Gary Cahoon, vice president of the New Hampshire Association of Residential Care Homes (NH ARCH), the state-wide organization of assisted living/residential care providers, said this year the Carpenter Home in Swanzey and the Gafney Home, in Rochester, both not-for-profits,  shut down.

The Carpenter Home, a town-owned not-for-profit organization, had provided services to the elderly and disabled for southwest NH for nearly 90 years, from 1930 to May of this year.

Cahoon talked to the town manager who said there were two reasons for the closure:  first, an inability to hire and retain qualified staff, and second, the basic inadequacy of Medicaid funding to sustain their operations.

“The rates, in other words, were too low,” he said.

With low rates, wages can’t be raised for those workers, the healthcare professionals said.

The Gafney Home, founded in 1904, also cited inadequate Medicaid rates as a primary reason for closing.

Cahoon said the closing of these two homes, which together served NH residents for 205 years, “underscores the urgency of the situation we face as a state.  Every day we delay and do not produce a meaningful increase in reimbursement rates, healthcare organizations both large and small across the state become weaker.  Many are on the brink of failing.   If they fail, those who will suffer most are the vulnerable people they serve.” 

Gary Cahoon, vice president of the New Hampshire Association of Residential Care Homes, said a NH nursing home loses on average about $50 per day per Medicaid-funded resident. Photo/Pat Grossmith

Another reason the Gafney House closed, he said, was that in recent years hospitals were putting pressure on assisted living homes to take in frailer and sicker residents because of the lack of nursing home beds.

Cahoon said in 1997, Medicaid-funded residents in state nursing homes peaked at just under 5,300 people.

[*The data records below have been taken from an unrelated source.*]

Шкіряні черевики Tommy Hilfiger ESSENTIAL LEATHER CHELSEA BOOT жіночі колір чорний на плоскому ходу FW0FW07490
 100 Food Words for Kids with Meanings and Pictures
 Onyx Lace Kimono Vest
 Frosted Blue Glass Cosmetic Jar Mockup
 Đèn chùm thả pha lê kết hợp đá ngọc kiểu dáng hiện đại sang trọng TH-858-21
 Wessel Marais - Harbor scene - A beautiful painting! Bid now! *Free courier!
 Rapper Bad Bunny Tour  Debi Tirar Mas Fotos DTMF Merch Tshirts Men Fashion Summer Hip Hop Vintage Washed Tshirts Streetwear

That year, there were about 142,000 NH residents aged 65 and over but by July 1, 2018, the U.S. Census estimated there were 238,000, an increase of more than 67 percent. 

“The demographics alone indicate there should be a problem, but that is only part of the story,” he said.  “On average a NH nursing home loses about $50 per day per Medicaid-funded resident.”

To make up for the shortfall, he said the common practice is to covert Medicaid-funded long-term care beds to Medicare or private insurance-funded rehabilitation beds.  The Medicare per diem rate is approximately double the Medicaid rate, he said.

 Underfunding of long term care beds, he said, led to a shortage that caused “a crisis in assisted living and home health care. “

This is just “one of many reasons why Medicaid rates need to be increased across the board rather than be subject to ’targeted’ increases,” Cahoon said.


The proposed state budget increases Medicaid rates for mental health services by a total of $60 million in each of the two years.  The last time there was an increase it was in 2006 when it was upped by 2 percent when mental health professionals had requested an increase of 22 percent.   

Since 2006, costs have increased by about 25 percent, the mental health professionals said. 

The $60 million increase in the proposed budget amounts to a 3.1 percent increase for each of the two years, or what one woman said was a 62 cents an hour increase for those working with individuals with serious diagnoses.

The budget is at an impasse because two-term Governor Chris Sununu and Democratic lawmakers disagree over increasing business taxes and whether to use budget surplus money to increase aid to cities and towns.